— PROBLEM TO SOLVE —
Once the line with "Collier africain en" is found in the data, output it and each following line exactly, up to and including the line with "LAZISNU Jombang Beri", and nothing before or after.

— RECORDS SHOWN —
+-------+

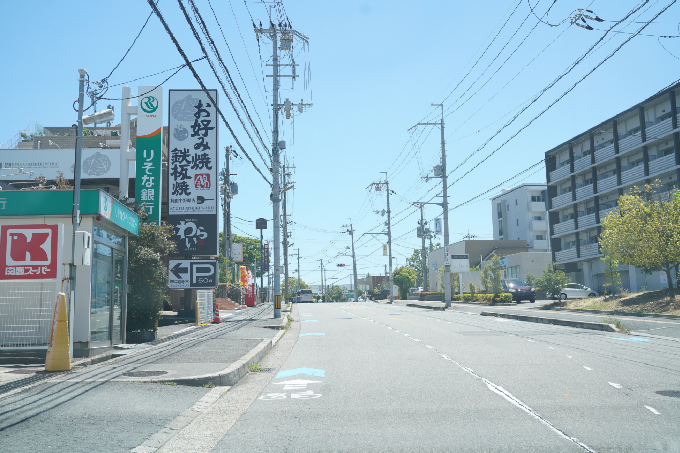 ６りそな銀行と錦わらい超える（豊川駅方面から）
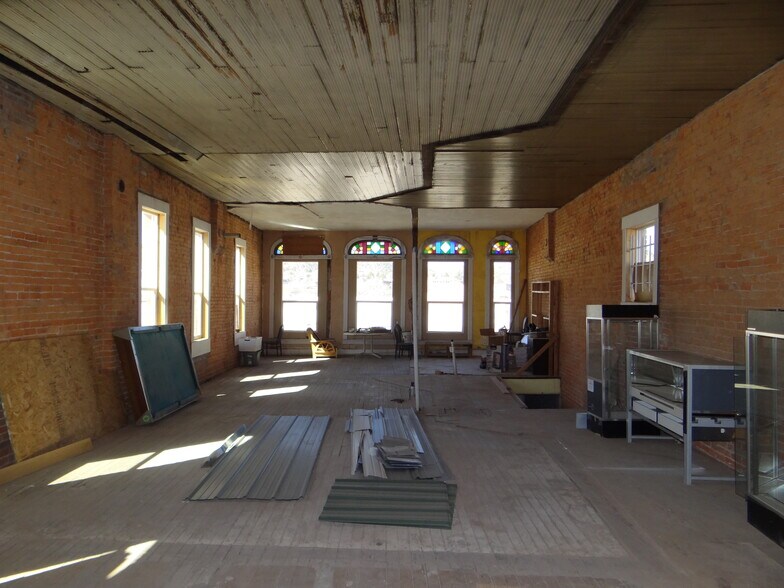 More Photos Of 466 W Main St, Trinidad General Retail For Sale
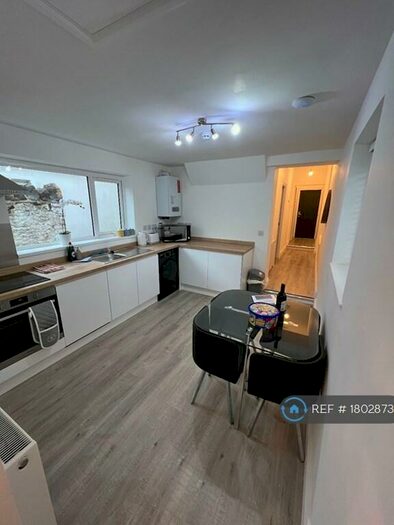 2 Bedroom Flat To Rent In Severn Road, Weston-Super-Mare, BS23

+-------+

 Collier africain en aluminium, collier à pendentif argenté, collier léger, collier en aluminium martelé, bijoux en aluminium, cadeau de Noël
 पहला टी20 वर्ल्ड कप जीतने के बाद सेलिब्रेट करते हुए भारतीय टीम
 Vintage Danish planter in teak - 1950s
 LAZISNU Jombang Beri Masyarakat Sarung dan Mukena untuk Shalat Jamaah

+-------+

— WRITTEN ANSWER —
 Collier africain en aluminium, collier à pendentif argenté, collier léger, collier en aluminium martelé, bijoux en aluminium, cadeau de Noël
 पहला टी20 वर्ल्ड कप जीतने के बाद सेलिब्रेट करते हुए भारतीय टीम
 Vintage Danish planter in teak - 1950s
 LAZISNU Jombang Beri Masyarakat Sarung dan Mukena untuk Shalat Jamaah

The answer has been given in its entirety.